A guide to property co-ownership
With property prices still increasing considerably faster than wages, the issue of affordability isn’t going away any time soon. Plus, the tightening of lending regulations means it is harder to even get a loan.
With the urgency to buy ever present, some savvy Gen Y’s are collaborating with friends and family to buy a property together and get onto the property ladder sooner – this trend is called co-property ownership.
Before you pick up the phone and ring your bestie…be warned whilst it can work really well for some people, it does come with risks. Here is a look at the pros and cons of buying a property with friends or family and how you can avoid things turning nasty.
What are the benefits of co-ownership
- Ability to pool your money with friends or family to buy your first home or enter the market as an investor sooner than you would be able to do on your own
- You can borrow more money than you would have been able to on your own
- Reduces how much each owner needs to save in order to purchase a property
- More options as to the type of property you can buy
- Reduces the transaction costs, maintenance and household bills
What are the risks of co-ownership
- Co-owning a property may effect future borrowing power as lenders assess the whole co-ownership loan as your responsibility not just your share of the loan
- One of the owners wants to sell up and the other doesn’t
- One of the co-owners isn’t sharing the on-going costs causing tension
- Joint responsibility for home loan repayments can become a problem if one partner defaults
- Situations change, relationships break down and one or other co-owner may need to sell the property urgently
How to reduce risks of co-ownership
Before you enter into any arrangement it is critical you talk to your solicitor / conveyancer / accountant as everyone’s situation is different. When working out the legalities, think about the worst case scenario and plan to address that...better to be prepared than not.

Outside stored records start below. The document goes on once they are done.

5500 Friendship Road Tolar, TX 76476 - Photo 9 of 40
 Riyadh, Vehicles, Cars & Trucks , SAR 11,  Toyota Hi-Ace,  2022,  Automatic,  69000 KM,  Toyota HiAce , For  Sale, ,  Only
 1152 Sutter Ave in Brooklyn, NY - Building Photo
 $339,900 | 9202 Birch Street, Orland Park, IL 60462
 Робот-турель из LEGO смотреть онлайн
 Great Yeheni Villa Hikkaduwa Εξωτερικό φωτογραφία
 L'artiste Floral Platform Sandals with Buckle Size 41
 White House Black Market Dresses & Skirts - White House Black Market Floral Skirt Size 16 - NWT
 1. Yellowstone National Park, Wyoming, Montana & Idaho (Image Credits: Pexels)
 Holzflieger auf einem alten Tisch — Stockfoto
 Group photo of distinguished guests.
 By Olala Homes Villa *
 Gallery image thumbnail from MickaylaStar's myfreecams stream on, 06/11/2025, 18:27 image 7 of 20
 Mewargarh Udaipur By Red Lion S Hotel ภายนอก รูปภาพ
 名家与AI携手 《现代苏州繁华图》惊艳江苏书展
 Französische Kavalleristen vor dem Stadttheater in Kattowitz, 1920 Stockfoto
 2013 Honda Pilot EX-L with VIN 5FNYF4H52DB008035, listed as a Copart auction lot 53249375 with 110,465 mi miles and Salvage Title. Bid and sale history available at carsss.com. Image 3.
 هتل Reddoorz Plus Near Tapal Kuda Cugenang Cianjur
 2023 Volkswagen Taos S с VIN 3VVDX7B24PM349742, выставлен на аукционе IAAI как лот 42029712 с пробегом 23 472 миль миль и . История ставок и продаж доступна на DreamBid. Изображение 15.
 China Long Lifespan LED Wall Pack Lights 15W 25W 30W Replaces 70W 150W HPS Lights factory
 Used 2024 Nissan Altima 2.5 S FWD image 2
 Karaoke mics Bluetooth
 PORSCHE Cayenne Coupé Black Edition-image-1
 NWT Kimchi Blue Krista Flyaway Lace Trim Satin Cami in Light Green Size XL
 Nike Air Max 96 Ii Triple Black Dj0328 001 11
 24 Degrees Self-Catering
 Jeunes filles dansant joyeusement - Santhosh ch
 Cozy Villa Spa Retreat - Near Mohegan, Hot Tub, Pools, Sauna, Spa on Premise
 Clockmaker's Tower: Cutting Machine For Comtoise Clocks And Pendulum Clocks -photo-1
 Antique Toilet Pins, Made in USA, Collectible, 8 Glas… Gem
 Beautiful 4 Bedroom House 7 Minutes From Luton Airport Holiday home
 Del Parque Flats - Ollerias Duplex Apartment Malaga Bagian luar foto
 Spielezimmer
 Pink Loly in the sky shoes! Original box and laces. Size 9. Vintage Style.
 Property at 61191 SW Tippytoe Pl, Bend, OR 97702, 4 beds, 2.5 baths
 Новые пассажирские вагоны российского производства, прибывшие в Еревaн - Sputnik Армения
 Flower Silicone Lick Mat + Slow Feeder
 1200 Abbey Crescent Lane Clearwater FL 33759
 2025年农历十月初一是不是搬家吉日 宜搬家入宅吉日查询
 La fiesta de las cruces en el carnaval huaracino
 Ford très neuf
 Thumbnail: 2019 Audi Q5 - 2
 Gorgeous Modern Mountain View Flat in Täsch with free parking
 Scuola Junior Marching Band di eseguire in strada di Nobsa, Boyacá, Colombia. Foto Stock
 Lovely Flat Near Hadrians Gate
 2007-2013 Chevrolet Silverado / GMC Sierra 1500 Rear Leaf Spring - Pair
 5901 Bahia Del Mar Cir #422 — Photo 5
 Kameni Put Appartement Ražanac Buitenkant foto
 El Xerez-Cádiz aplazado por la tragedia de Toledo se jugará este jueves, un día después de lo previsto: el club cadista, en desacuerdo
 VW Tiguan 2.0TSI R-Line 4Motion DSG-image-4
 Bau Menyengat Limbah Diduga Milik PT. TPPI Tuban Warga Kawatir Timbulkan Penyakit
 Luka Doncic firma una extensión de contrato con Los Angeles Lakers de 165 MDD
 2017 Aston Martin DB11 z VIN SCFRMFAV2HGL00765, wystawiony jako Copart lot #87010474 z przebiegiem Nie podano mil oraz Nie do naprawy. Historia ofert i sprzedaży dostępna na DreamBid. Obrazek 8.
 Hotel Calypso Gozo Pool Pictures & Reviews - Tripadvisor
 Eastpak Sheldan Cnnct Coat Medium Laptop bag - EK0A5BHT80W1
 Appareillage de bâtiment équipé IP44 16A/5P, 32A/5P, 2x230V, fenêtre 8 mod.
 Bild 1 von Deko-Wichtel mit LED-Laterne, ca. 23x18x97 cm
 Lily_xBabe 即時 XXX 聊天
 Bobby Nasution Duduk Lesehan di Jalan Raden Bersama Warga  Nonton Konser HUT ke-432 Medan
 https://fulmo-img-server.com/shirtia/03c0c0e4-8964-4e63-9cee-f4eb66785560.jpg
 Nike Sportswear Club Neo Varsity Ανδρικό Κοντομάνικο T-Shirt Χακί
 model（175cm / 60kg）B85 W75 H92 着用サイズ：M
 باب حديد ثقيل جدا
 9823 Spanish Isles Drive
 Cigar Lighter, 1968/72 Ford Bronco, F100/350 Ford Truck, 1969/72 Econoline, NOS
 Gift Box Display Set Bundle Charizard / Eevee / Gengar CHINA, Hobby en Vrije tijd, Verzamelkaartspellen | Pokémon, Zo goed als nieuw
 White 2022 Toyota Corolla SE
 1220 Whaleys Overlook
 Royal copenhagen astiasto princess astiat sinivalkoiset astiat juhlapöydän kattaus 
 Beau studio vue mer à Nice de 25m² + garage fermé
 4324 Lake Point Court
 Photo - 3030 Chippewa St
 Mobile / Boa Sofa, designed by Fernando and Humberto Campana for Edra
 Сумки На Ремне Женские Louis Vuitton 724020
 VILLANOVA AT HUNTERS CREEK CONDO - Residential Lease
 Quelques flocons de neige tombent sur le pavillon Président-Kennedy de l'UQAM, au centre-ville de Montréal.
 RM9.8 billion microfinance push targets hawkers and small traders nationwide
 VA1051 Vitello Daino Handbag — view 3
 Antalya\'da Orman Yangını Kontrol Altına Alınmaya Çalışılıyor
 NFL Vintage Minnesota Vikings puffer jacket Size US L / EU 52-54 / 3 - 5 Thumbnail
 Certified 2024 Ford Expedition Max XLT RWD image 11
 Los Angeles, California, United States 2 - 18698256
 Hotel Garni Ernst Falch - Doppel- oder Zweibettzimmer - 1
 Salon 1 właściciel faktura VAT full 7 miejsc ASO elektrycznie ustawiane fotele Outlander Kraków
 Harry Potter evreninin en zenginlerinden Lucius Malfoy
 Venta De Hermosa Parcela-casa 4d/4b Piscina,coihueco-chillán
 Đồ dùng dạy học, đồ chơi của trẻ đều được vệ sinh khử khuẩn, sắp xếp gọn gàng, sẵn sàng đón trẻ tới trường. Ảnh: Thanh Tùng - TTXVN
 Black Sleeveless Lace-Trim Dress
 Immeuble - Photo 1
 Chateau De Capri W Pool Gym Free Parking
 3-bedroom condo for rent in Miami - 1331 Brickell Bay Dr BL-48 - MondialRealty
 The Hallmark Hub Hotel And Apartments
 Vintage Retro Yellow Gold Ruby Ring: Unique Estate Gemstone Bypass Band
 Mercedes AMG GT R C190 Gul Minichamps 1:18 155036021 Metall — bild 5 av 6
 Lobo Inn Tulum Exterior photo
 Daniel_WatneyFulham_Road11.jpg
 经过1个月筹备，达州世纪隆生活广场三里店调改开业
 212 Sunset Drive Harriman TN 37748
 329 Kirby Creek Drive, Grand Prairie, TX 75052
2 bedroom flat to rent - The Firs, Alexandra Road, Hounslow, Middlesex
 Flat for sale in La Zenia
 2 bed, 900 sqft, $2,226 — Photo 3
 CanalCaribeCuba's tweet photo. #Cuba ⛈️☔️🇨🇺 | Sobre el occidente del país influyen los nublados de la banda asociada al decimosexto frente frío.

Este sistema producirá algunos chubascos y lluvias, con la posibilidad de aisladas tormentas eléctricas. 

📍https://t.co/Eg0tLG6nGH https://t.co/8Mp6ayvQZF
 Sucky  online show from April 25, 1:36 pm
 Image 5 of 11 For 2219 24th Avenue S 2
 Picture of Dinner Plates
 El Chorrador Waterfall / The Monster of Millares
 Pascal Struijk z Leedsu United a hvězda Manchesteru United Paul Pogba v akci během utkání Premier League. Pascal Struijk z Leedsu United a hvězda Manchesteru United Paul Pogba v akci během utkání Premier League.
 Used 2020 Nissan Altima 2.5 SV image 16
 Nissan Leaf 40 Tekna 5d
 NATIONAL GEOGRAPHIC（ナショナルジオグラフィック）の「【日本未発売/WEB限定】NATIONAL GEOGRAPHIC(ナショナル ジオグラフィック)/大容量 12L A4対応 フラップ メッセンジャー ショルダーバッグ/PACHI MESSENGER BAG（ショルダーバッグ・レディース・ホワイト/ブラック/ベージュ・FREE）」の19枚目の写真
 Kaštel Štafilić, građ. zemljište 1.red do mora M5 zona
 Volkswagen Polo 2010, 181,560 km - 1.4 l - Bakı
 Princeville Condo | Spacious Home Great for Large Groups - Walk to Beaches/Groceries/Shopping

1. Choose your partners carefully
Buying a property with a friend or family member is a massive decision – make sure you choose someone you trust, who shares your views and passions about property. Protecting your friendship and relationships should be paramount.
2. Finances discussed in DETAIL
Make sure you clearly understand your family or friend’s financial situation; can they cover their share of the home loan, are there any potential cash flow problems that might impact on your meeting the joint home loan repayments. All financial decisions must be discussed and documented.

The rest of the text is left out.